I was surprised, he’d been staying at the hostel for over a week and I had found him quite aloof. I admitted that I was very new to tarot, but said that I would be happy to draw the cards for him now and then come back to him later with the interpretation when I had the chance to go through the guidebook. He agreed and sat nervously as I shuffled then fanned out the cards and asked him to draw ten while focusing on his question, which he kept to himself. One by one I turned them over, positioning them into a Celtic Cross, he told me he wanted to take a good look at the cards to be sure I didn’t swap any of them out for other cards when I took them away. I found this mistrust perplexing, but I could also see from his face that his wariness was not born from scepticism but from some superstitious belief in the power of the cards.

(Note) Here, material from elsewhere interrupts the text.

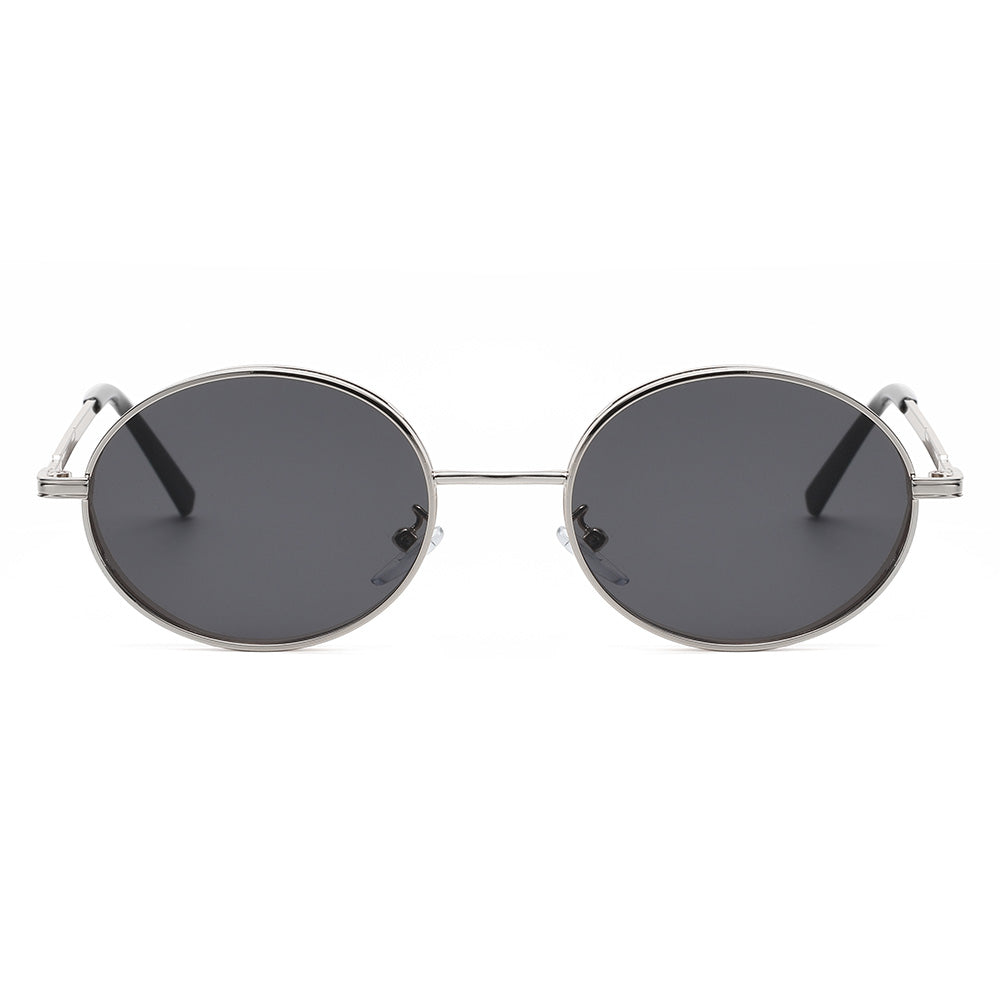 Retro Round Metal Steampunk Style Sunglasses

I withdrew to my dorm and started to pour over the guidebook, cross referencing the cards and making notes for what each of the cards could mean according to their positions in the Cross, trying to tie them all together in some semblance of a coherent story. Later that evening we sat down together again in the terrace and I completed the reading. I don’t remember all of the cards, but I do remember that the reading was filled with Cups and The Lovers was the central card. He was facing quite a difficult romantic situation and was trying to choose between two girls he cared about. The cards were right. He turned a little green.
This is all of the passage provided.